It was not polished. It was not diplomatic. But it was undeniably human.

What makes this moment significant is not just the profanity. It is the boundary it reveals. Cave’s reaction underscores a deeper frustration with a recurring pattern in public discourse, the assumption that support for Israel, or refusal to join its condemnation, must be corrupt, bought, or morally compromised.

This is where the concept of Lashon Hara becomes more than a cultural reference. It becomes a lens. The accusation itself, that someone holds a position only for financial gain without evidence, falls squarely into the realm of defamatory speech. It reduces complex moral reasoning to cynical opportunism and dismisses sincerity as manipulation.

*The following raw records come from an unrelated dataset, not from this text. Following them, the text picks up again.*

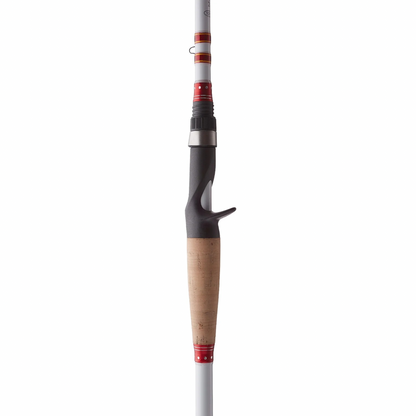 Fishing rod with a white background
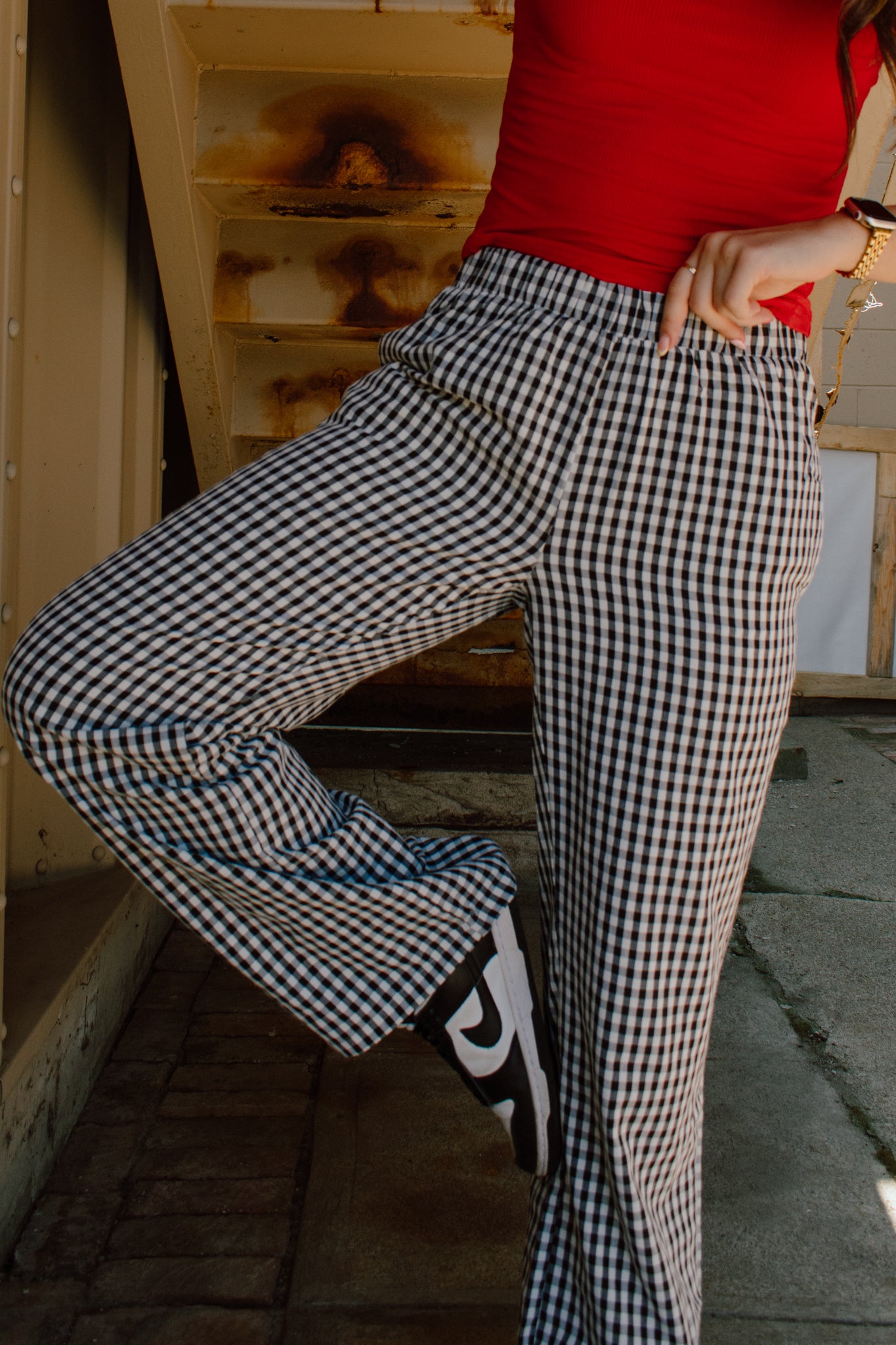 Maggie Relaxed Gingham Pants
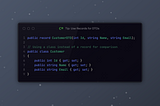 💡 C# Tip: Use Records for DTOs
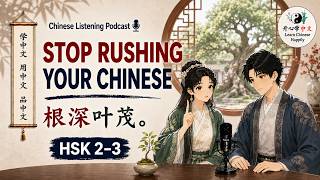 Feeling Stuck in Chinese? You Are Just Growing Roots! | 感觉没进步？你只是在“扎根”｜Learn Chinese Happily screenshot 2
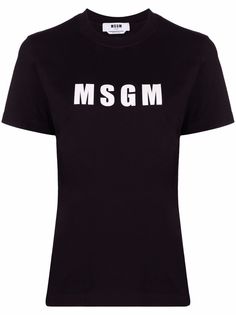 MSGM футболка с логотипом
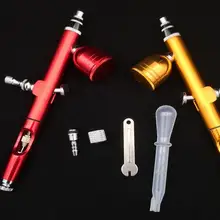 7cc 0,3 мм аэрозольный распрыскиватель Размеры спрей дозатор воздуха компрессорная установка для искусства Татуировка-картина инструмент с ключ, дюймовый стандарт соломы воды устройство для дыхания кислородом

In that sense, Cave’s invocation of Lashon Hara is not incidental. It is central. He frames the accusation not as legitimate critique, but as a violation of a deeper ethical principle, the responsibility to speak truthfully and fairly about others.

And yet, his own response breaks from that principle in a moment of anger. That tension is what makes the exchange compelling. Cave does not present himself as morally perfect. He shows how difficult it is to live up to ideals, especially when confronted with hostility.

In a media environment saturated with outrage, accusations, and performative morality, this small interaction highlights something often overlooked, the cost of careless words. Not just in terms of offense, but in how they erode trust and shut down meaningful dialogue.

Nick Cave did not just defend his position. He exposed the fragility of the conversation itself.